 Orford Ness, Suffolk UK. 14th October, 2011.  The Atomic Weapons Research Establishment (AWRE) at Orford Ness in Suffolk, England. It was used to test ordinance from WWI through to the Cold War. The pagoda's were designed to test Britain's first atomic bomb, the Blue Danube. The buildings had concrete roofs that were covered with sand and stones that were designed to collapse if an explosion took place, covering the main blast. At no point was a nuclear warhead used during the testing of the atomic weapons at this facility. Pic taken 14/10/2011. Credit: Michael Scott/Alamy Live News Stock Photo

=======

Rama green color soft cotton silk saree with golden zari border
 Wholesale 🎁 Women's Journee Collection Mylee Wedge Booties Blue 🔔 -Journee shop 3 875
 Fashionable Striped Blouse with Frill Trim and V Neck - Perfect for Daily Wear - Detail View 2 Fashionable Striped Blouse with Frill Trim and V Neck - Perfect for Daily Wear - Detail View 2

=======

Print exactly the lines above from the one with "Rama green color" to the one with "View 2 Fashionable", including both.

Rama green color soft cotton silk saree with golden zari border
 Wholesale 🎁 Women's Journee Collection Mylee Wedge Booties Blue 🔔 -Journee shop 3 875
 Fashionable Striped Blouse with Frill Trim and V Neck - Perfect for Daily Wear - Detail View 2 Fashionable Striped Blouse with Frill Trim and V Neck - Perfect for Daily Wear - Detail View 2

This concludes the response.